As usual, this is taking me longer than intended!
So, now on to the content-related panels I went to.
On Friday morning, I went to the workshop “Medical Mistakes 101” with Melissa Yuan-Innes. I have been reading Melissa’s medical mysteries (the Hope Sze series, written as Melissa Yi) for a while and I really like them a lot. (I wrote about the first book in the series elsewhere on this site.)
Melissa had crowdsourced common errors and misrepresentations that other doctors notice in books and television. This proved to be a really useful approach and I appreciated breadth of detail, ranging from general problems to those specific to particular branches of medicine.
Most useful for my current work were her comments on CPR and resuscitation and current methods.
Geology of the Solar System, moderated by Dylan Blacquiere with Michael Reid and Shirley Meier
This was an interesting discussion not only about the geology of our (and potentially other) solar system, but more broadly about habitability, the problem of single ecosystem planets in fiction, and the importance of being internally consistent within your story.
As with all the best panels, this one gave me various story ideas.
Designing a Planet Live, also moderated by Dylan Blacquiere, this time with Serena Tristen, Geoffrey Hart, Mark Robinson, and Anatoly Belilovsky
This panel was a free for all in the best way.
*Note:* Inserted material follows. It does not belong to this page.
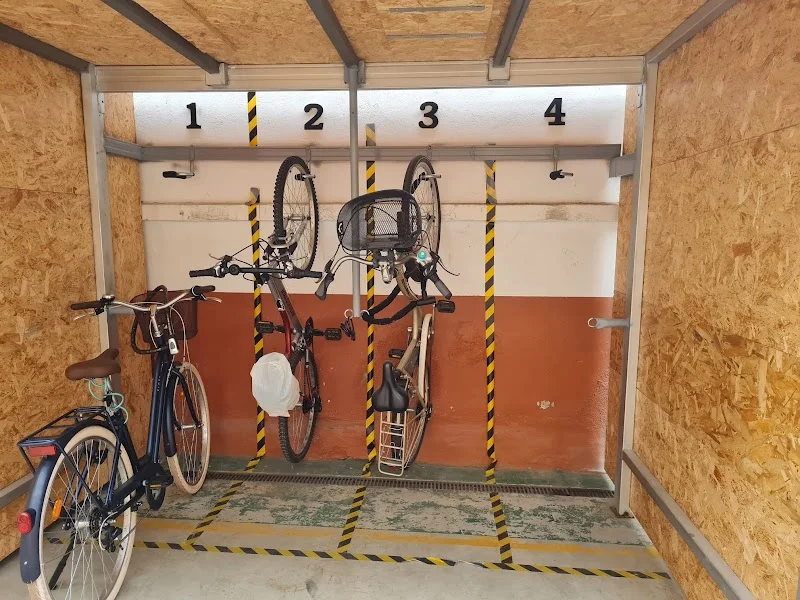 GUARDA TRASTOS VITORIA en Portal de Legutiano Kalea, 52 interior, 01013 Vitoria-Gasteiz, Araba, España - Imagen 3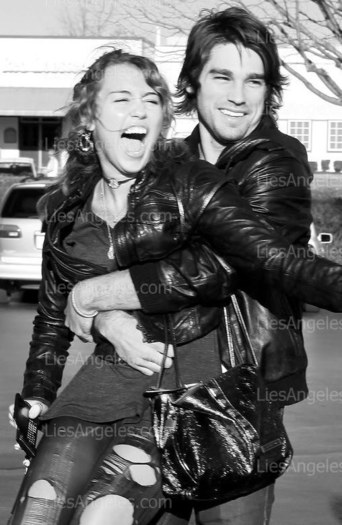 miley-cyrus-abducted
It fit in well with the Geology of the Solar System one, in so far as they both considered the livability boundaries and range of planetary possibilities.
However, in this panel, Dylan took the panelists through the steps of collaboratively designing a planet, starting with the geology and water cycle and how to make choices that would result in an interesting planet.
I particularly liked how well all the panelists considered the implications of the different choices at each step, for example about energy inputs and what kind of life might develop as the result of different options.
Is big data in an arms race? moderated by Kim-Mei Kirtland, with Jason M Harley, Ada Hoffmann, Sarah Parkinson, and NRM Roshak
This panel discussed a broad range of areas including what data is being collected and where does it come from, how are things measured (eg the assumptions about facial display of emotion), and privacy law and consent.
There was a really good bit about facial recognition and its constraints (racial and gender limitations, also health-related facial variations like paralysis) and problems with AI applications like predictive policing.
I went to two other panels, both part of the scientific literacy track, that covered similar issues, Data is the New Gold Rush and Technology-Driven Labor Market Disruption: The New Industrial Revolution. I’ll talk about them, and the other panels on that track I attended later (probably Friday).
See you then!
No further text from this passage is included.